For more than a decade, a single patent owner disrupted the bean market in the US and Mexico. Importers stopped importing not only the yellow bean, but also other Mexican beans, fearing lawsuits.
Although the patent was eventually rescinded, the Enola case shows how the intellectual property system facilitates the monopolization of public and collective resources, favoring those who can pay expensive lawyers’ fees.
The Enola patent was wrong from the outset, yet it remained enforceable for half its life, despite the active efforts of international institutions, governments, and civil-society organizations.
It may be tempting to dismiss the Enola patent as an aberration, but there are hundreds of examples of such biopiracy.

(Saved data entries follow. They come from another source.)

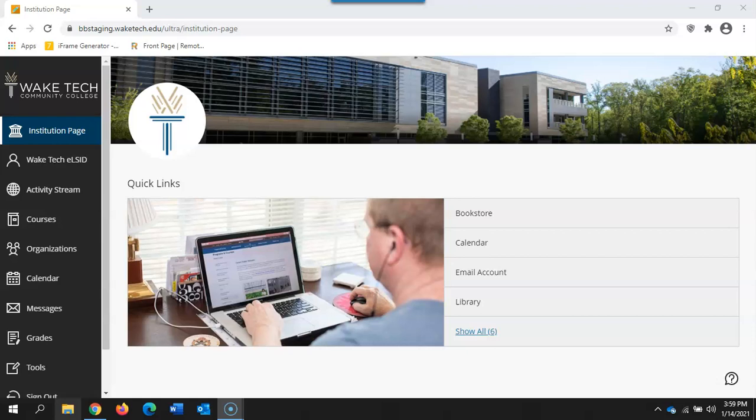In this video we'll highlight some of the new aspects of Blackboard included in the Ultra Base navigation. When you log on to Blackboard you'll notice that the home page has an updated look and feel.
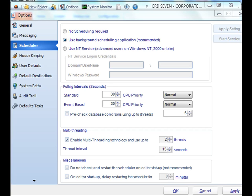Hello, and today we're going to learn how to use the Background Scheduling application for CRD. What the Background Application Scheduler is, is we will be running CRD in the background within the system tray of your OS.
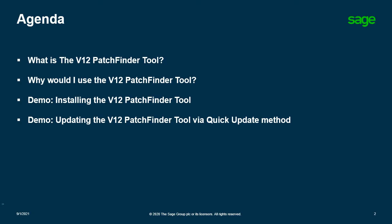Today we will start with a brief intro into the V12 PatchFinder tool and why you would utilize this tool. Then finally, I will demo installing and updating the V12 PatchFinder tool.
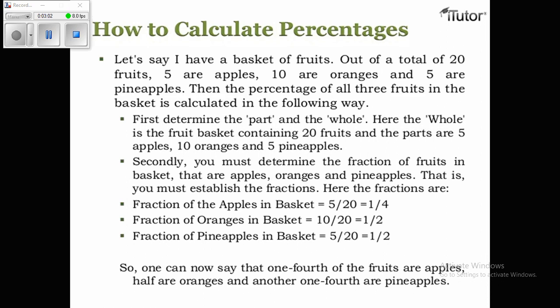Let's say I have a basket of fruits. Out of a total of twenty fruits, five are apples, ten are oranges, and five are pineapples. The percentage of all three fruits in the basket is calculated in the following way: first, determine the part and the whole. Here the whole is the fruit basket containing twenty fruits, and the parts are five apples, ten oranges, and five pineapples.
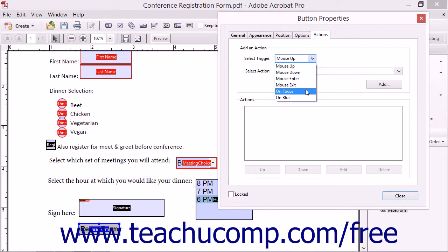You can choose the On Focus and On Blur events to associate an action with the event of gaining or losing the focus of the application.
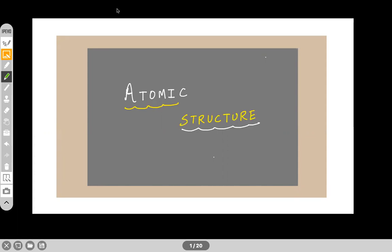Hello guys, welcome to the session. As you know, we are discussing problems on atomic structure. This is the second session of problem-solving on atomic structure. We were solving some questions that have been asked in previous exams — it helps you in both KVVY, JEE, or NEET exams. So those past year problems we are solving. Let us start with the session.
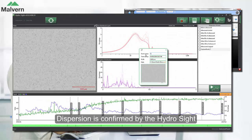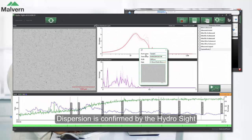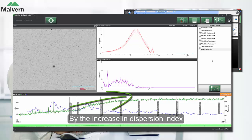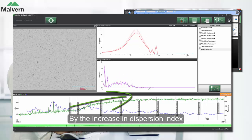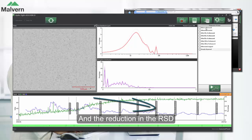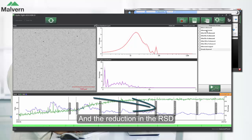If we review the HydroSight software, the dispersion is confirmed by the increase in the dispersion index and the decrease in the relative standard deviation.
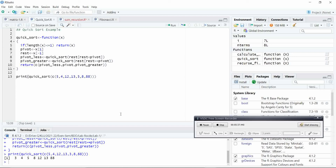In this way you can implement the quicksort algorithm. Thank you students.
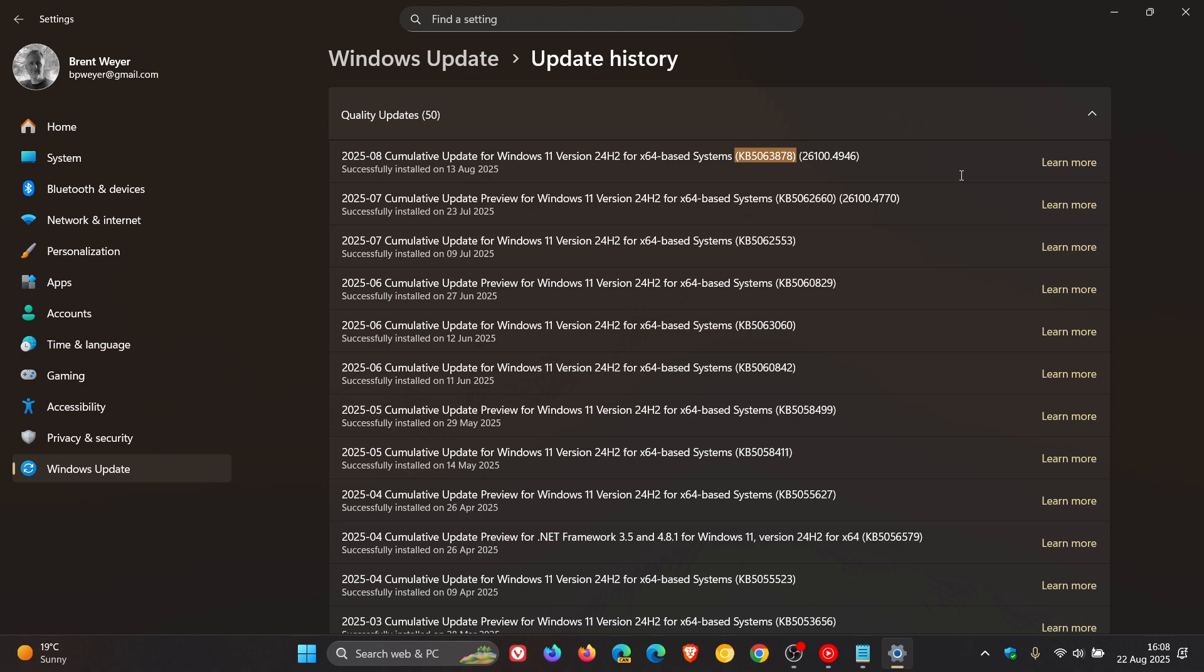Just to let you know that Microsoft has told Bleeping Computer—I'll leave the article linked in the description—earlier this week that it is now aware of reports that installing the security update 5063878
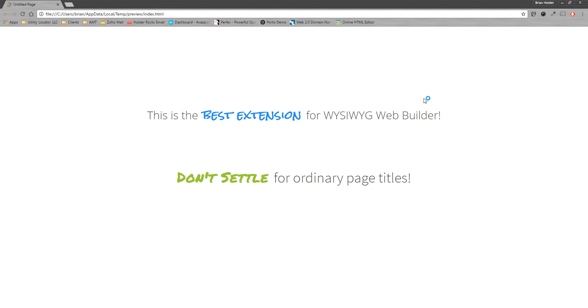All right. So that is the Fancy Titles extension. It will be available coming in November of 2016 from WYSIWYGPages.com. And I hope you check it out. Thanks.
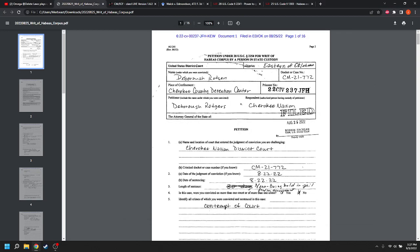Good afternoon. Happy Saturday. Recently I did a video on Deborah Rogers and her petition for habeas corpus, and I pointed out that she did it on the wrong form. I assumed that the court would figure it out, but you did enough allegations. I said that she should have named the person having custody over her and not Cherokee Nation.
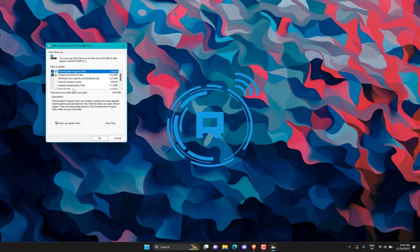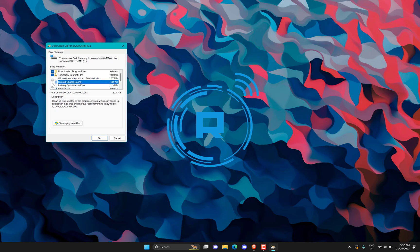Click the Cleanup System Files option. Tick everything you want to delete. Click the OK button.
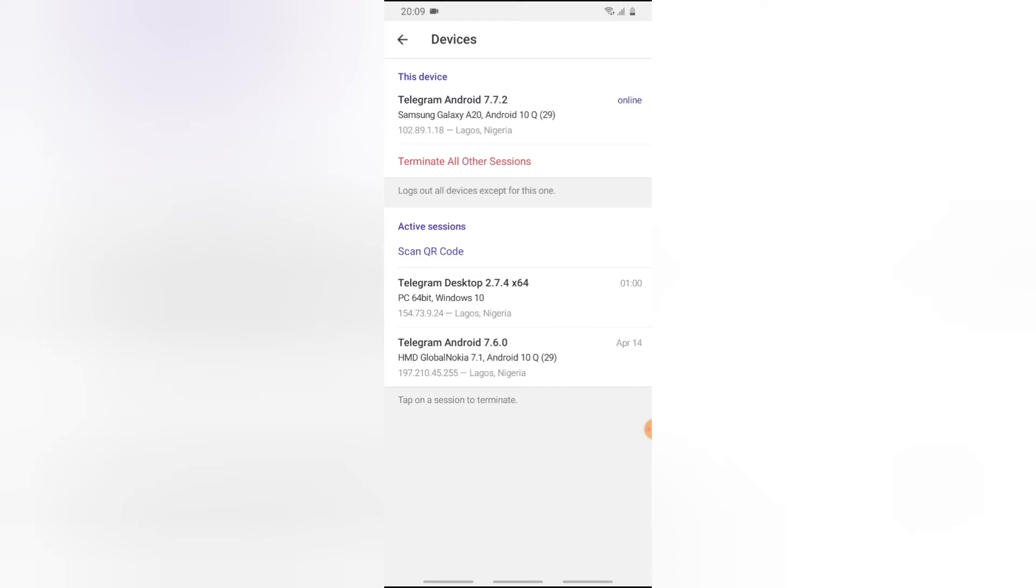And you can notice the status is stated as online, which means I'm currently online on this device. Now if there are multiple devices or other devices that are logged in, which are mobile phones, they are all going to be displaying right here.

Mexican beans, South Asian basmati rice, Bolivian quinoa, Amazonian ayahuasca, Indian chickpeas, Peruvian nuña beans, Andean maca – all have been subject to predatory intellectual property claims.
The Enola controversy is a stark illustration of the danger of patenting life, and the power of patents to block agricultural imports, disrupt or destroy developing countries’ export markets, hijack staple food crops that are the cultural heritage of millennia, plunder collective knowledge, and threaten food security.
The Enola case demonstrates that being right is not enough: small farmers, indigenous people, and the poor can’t out-last a decade of lawsuits and monopoly.
Undoubtedly, international institutions and countries in the global South have far more urgent goals than to spend resources suing greedy companies.
It is high time to question the very existence of an intellectual property system that privileges monopoly ownership over the common good.
Silvia Ribeiro and Kathy Jo Wetter are researchers with Action Group on Erosion, Technology and Concentration (ETC Group).